INSTRUCTIONS TO FOLLOW →
Print the data below verbatim, minus images.

EXERCISE INPUTS →
- - - - -

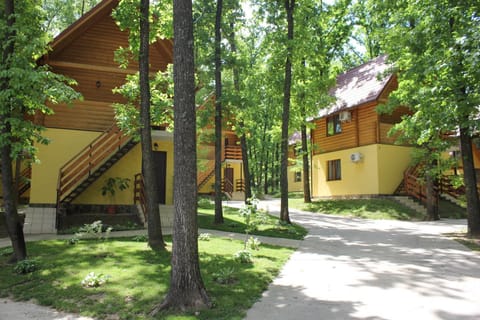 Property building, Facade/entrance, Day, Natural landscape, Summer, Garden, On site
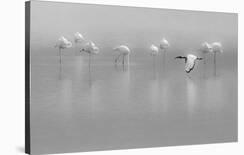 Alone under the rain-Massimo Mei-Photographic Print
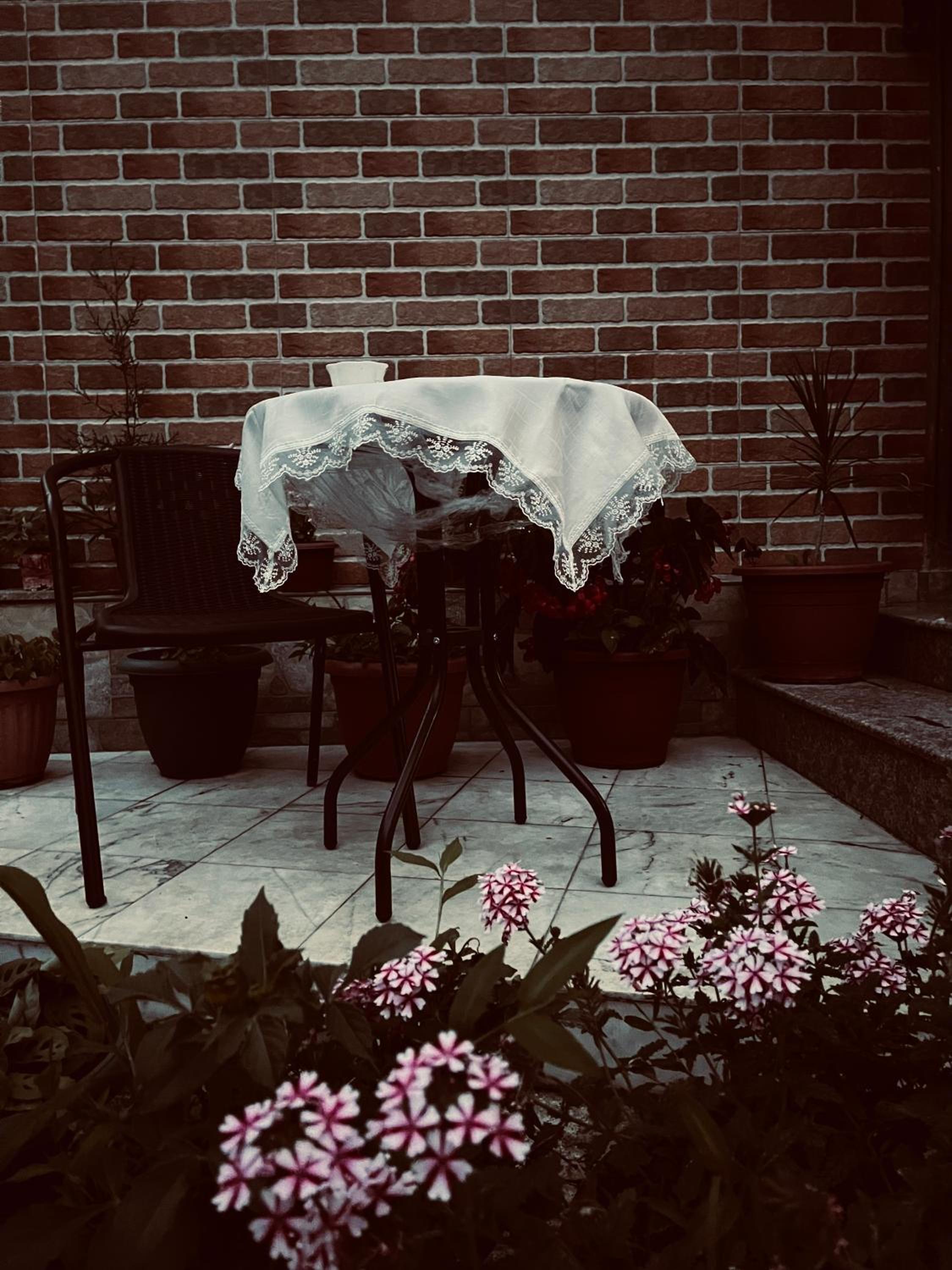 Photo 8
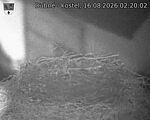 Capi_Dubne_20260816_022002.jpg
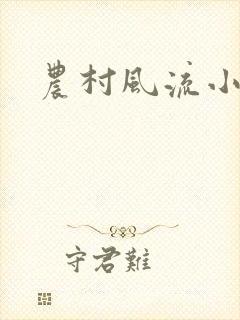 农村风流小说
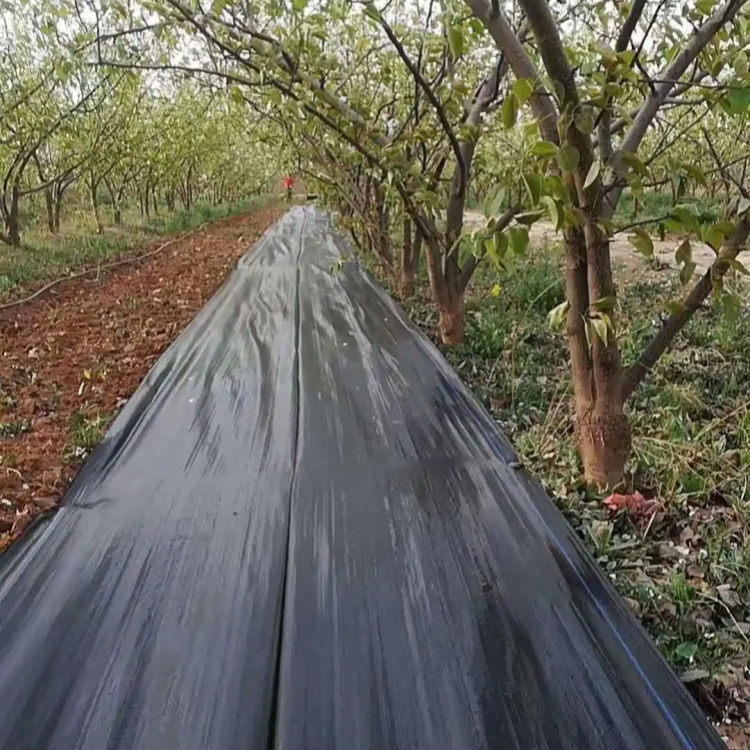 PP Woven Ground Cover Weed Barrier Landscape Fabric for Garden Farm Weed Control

- - - - -

ANSWER SPACE →
 Property building, Facade/entrance, Day, Natural landscape, Summer, Garden, On site
 Alone under the rain-Massimo Mei-Photographic Print
 Photo 8
 Capi_Dubne_20260816_022002.jpg
 农村风流小说
 PP Woven Ground Cover Weed Barrier Landscape Fabric for Garden Farm Weed Control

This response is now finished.